WORK INSTRUCTIONS: In the records below, copy the line that contains "Dramamine Non-Drowsy, Motion" and each line after it, word for word, through the last.

== Segment start ==

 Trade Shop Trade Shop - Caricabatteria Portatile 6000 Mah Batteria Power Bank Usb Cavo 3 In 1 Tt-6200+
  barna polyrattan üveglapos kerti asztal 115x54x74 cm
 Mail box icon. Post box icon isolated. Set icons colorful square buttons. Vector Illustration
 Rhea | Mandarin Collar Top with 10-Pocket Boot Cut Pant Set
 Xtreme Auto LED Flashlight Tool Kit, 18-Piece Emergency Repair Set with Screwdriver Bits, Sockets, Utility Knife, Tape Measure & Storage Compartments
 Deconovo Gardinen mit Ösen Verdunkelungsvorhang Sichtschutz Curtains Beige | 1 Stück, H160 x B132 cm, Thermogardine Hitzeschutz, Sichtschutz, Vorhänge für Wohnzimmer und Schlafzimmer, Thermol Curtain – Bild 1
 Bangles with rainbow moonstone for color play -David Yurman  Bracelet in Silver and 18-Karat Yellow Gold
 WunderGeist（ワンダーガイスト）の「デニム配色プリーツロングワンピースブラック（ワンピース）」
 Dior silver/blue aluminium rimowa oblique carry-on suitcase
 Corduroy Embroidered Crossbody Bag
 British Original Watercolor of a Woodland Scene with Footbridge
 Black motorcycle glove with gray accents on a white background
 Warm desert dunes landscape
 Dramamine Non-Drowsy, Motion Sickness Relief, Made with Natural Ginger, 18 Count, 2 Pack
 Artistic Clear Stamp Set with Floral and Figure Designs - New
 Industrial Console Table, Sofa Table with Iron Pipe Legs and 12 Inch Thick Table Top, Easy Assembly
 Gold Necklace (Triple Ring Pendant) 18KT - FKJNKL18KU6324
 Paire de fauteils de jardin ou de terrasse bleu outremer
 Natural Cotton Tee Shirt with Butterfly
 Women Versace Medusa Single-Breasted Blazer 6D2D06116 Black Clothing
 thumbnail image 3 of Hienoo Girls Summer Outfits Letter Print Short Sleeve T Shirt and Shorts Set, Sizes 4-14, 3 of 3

== Segment end ==

RESULT OF THIS EXERCISE:
 Dramamine Non-Drowsy, Motion Sickness Relief, Made with Natural Ginger, 18 Count, 2 Pack
 Artistic Clear Stamp Set with Floral and Figure Designs - New
 Industrial Console Table, Sofa Table with Iron Pipe Legs and 12 Inch Thick Table Top, Easy Assembly
 Gold Necklace (Triple Ring Pendant) 18KT - FKJNKL18KU6324
 Paire de fauteils de jardin ou de terrasse bleu outremer
 Natural Cotton Tee Shirt with Butterfly
 Women Versace Medusa Single-Breasted Blazer 6D2D06116 Black Clothing
 thumbnail image 3 of Hienoo Girls Summer Outfits Letter Print Short Sleeve T Shirt and Shorts Set, Sizes 4-14, 3 of 3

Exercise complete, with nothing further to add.